Onward with Ubuntu (after a bit of grubbing around)

November 25th, 2006

After many years of using SuSE Linux (ever since version 5.4 or something like that) I’ve finally defected to Ubuntu. This morning, I fired up the Ubuntu 6.10 ‘Edgy’ Live DVD, double-clicked on Install, and that was that.

Well, not quite. At first, I could boot into neither Ubuntu nor Windows! The problem was that Ubuntu’s bootloader had been installed onto hd0, but the BIOS had the system’s other drive coming first in the boot sequence, which triggered the old bootloader. Once I realised what was going on, it was easy to fix — but I think that Ubuntu’s otherwise foolproof install procedure could do with a bit more polish when it comes to specifying where and how grub is installed.

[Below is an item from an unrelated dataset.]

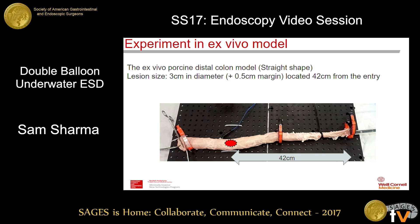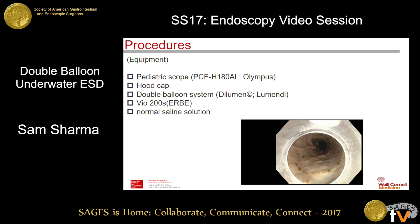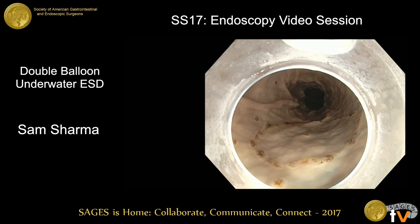To show you our experiment of ESD with the double balloon system, we created an ex vivo porcine model. We created the region which is 3 cm in diameter plus a 5 mm margin all around it in advance of the procedure. This is our setting of the experiment.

Things seem OK now (although I have yet to try booting into Windows :) , and I’ve spent the past couple of hours installing useful stuff from the DVD.  I’m pretty impressed by what I’ve seen so far, but, as a former SuSEr, I’m finding the whole software repositories thing a little confusing, not helped by the fact that the description and screenshots provided in the online docs for Edgy don’t match what I have on my machine!

Running before you can walk?

November 13th, 2006

Whilst scanning The Register today, I came across an advert for a book review that began “Calling all Rails developers that want to learn Ruby!” Maybe I’m just old-fashioned, but I would have thought it would be advisable to learn Ruby before trying to use Rails?

The Django Book: It’s Here! (almost)

November 1st, 2006

After Adrian’s announcement that a Django book was in the pipeline, I just had to place my advance order with Amazon (like many other Djangonauts, I suspect). Since then, news on the book’s progress has been hard to come by. Not any more, though, with the appearance of www.djangobook.com.

This site will allow the Django community to participate in the production of Adrian and Jacob’s book, in much the same way that Bruce Eckel has allowed readers to comment on his material as it is written. Of course, the Django book site is a much more impressive piece of work than Eckel’s system, showing off Adrian and Jacob’s ‘leet web dev skills to the full. It is Django-powered (natch) and distinctively styled, with a neat mechanism for viewing and adding comments and an Atom feed so that we can all keep track of new chapters as they appear. Excellent stuff.